Peace Palace

Peace women donated an olive tree

News item | 05-06-2015

On the occasion of the joint centenary of both the Women’s International League for Peace and Freedom (WILPF) and ANZAC day, New Zealand and Australian women have donated an olive tree to the Peace Palace. The tree was presented to the Peace Palace in a short ceremony attended by the New Zealand ambassador, H.E. Janet Lowe and the Australian ambassador, H.E. Neil Mules, with an introduction by Mr Steven Hoogstraten, director of the Carnegie Foundation.

One hundred years ago, April 1915, 1300 women gathered in the Hague in an effort to stop war and began WILPF and the ‘Kiwis’ and ‘Aussies’ landed on the Gallipoli Peninsula in Turkey as part of Churchill’s strategy for WW1, with tragic consequences.
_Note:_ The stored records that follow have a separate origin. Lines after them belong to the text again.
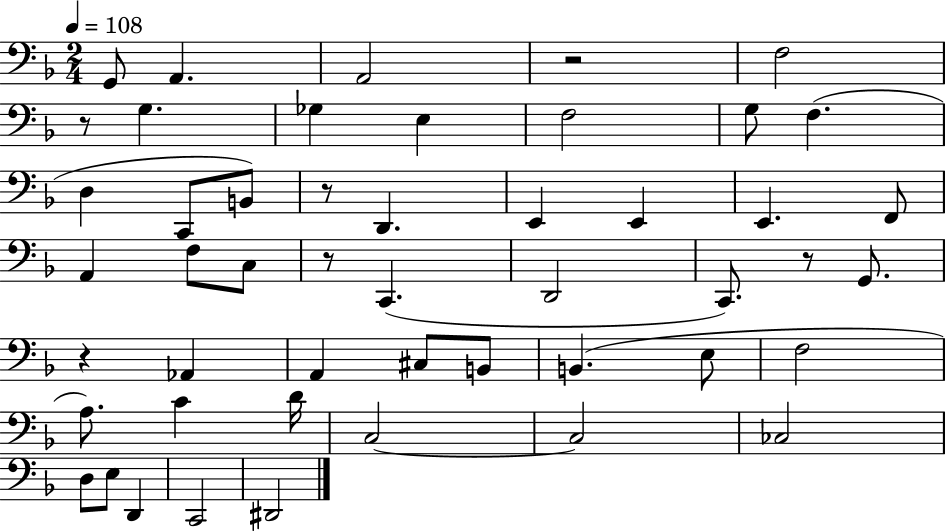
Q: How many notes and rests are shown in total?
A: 49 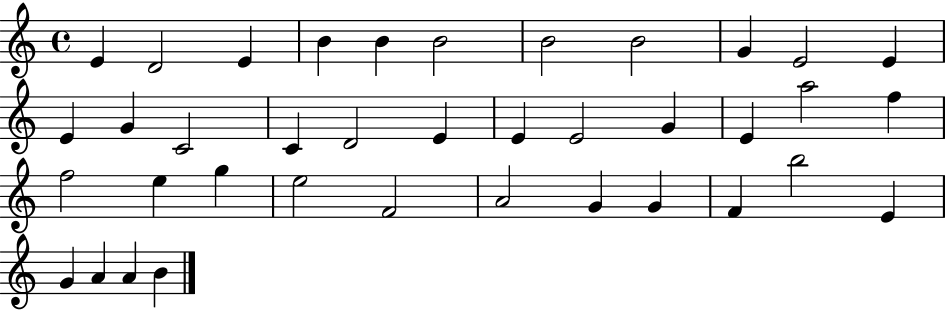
E4/q D4/h E4/q B4/q B4/q B4/h B4/h B4/h G4/q E4/h E4/q E4/q G4/q C4/h C4/q D4/h E4/q E4/q E4/h G4/q E4/q A5/h F5/q F5/h E5/q G5/q E5/h F4/h A4/h G4/q G4/q F4/q B5/h E4/q G4/q A4/q A4/q B4/q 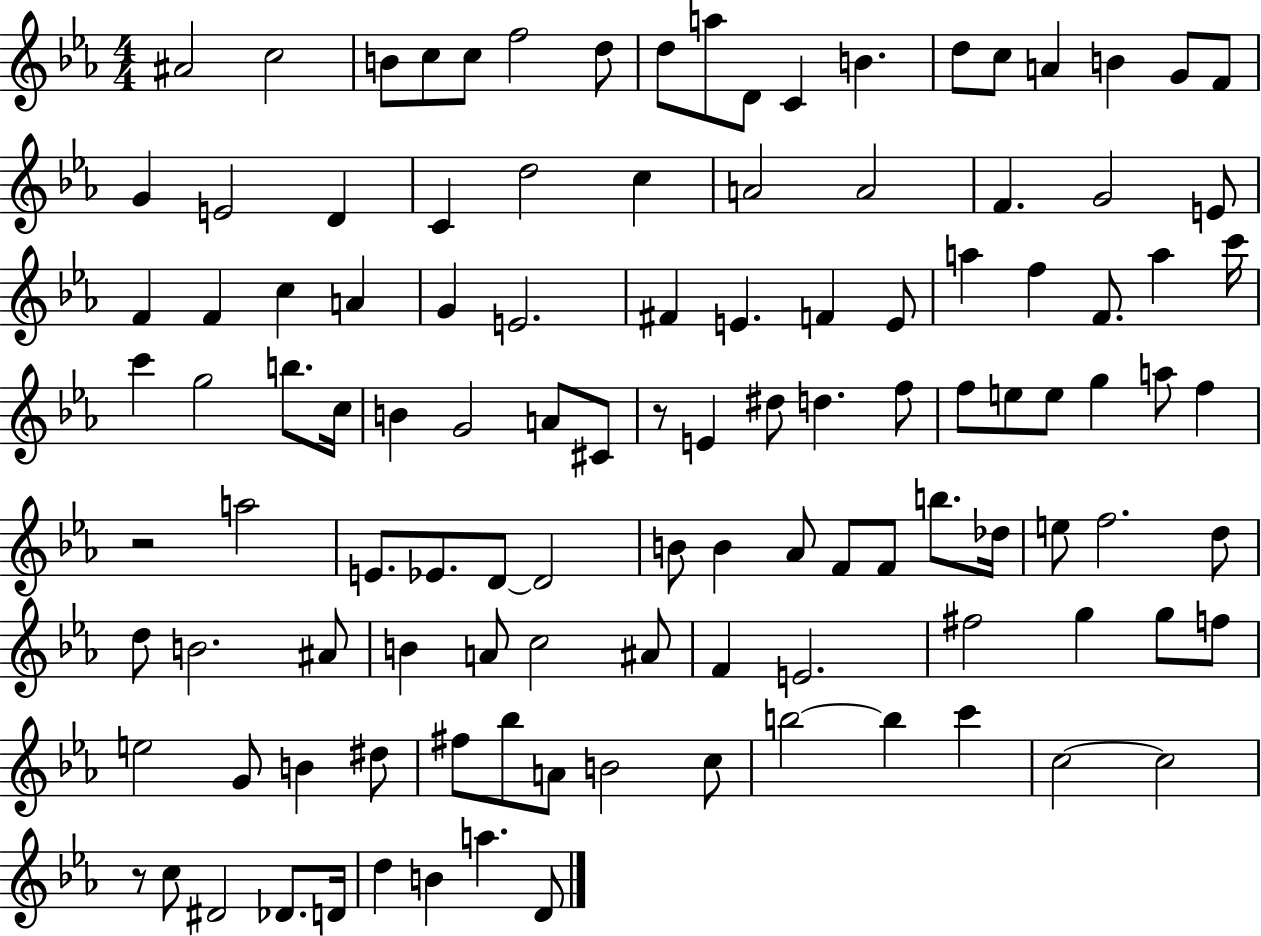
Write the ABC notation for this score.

X:1
T:Untitled
M:4/4
L:1/4
K:Eb
^A2 c2 B/2 c/2 c/2 f2 d/2 d/2 a/2 D/2 C B d/2 c/2 A B G/2 F/2 G E2 D C d2 c A2 A2 F G2 E/2 F F c A G E2 ^F E F E/2 a f F/2 a c'/4 c' g2 b/2 c/4 B G2 A/2 ^C/2 z/2 E ^d/2 d f/2 f/2 e/2 e/2 g a/2 f z2 a2 E/2 _E/2 D/2 D2 B/2 B _A/2 F/2 F/2 b/2 _d/4 e/2 f2 d/2 d/2 B2 ^A/2 B A/2 c2 ^A/2 F E2 ^f2 g g/2 f/2 e2 G/2 B ^d/2 ^f/2 _b/2 A/2 B2 c/2 b2 b c' c2 c2 z/2 c/2 ^D2 _D/2 D/4 d B a D/2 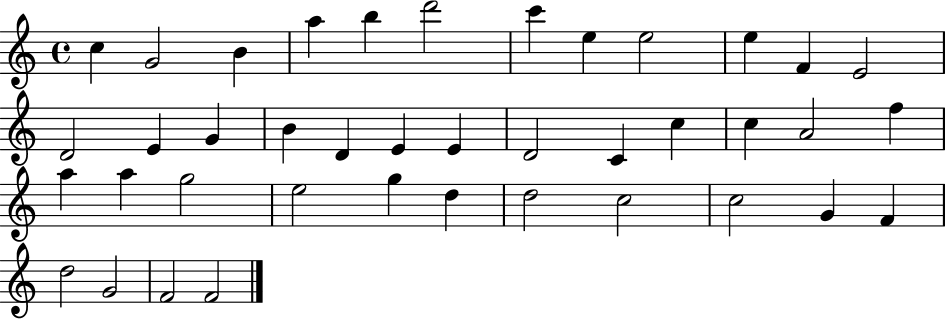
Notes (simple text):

C5/q G4/h B4/q A5/q B5/q D6/h C6/q E5/q E5/h E5/q F4/q E4/h D4/h E4/q G4/q B4/q D4/q E4/q E4/q D4/h C4/q C5/q C5/q A4/h F5/q A5/q A5/q G5/h E5/h G5/q D5/q D5/h C5/h C5/h G4/q F4/q D5/h G4/h F4/h F4/h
One hundred years later women are still trying to build a just and sustainable peace, as inglorious wars continue, and recently 900 women again gathered in the Hague to call for peace.
The symbolic olive tree is not only to remember those who have suffered from war, but the effort to build peaceful pathways and avoid conflict in the future.

On Anzac day both countries remember those who served and died in all wars and has relevance for both country’s sense of national identity. Anzac day is commemorated every year in both Australia and New Zealand, but for many goes beyond the anniversary of the landing on Gallipoli.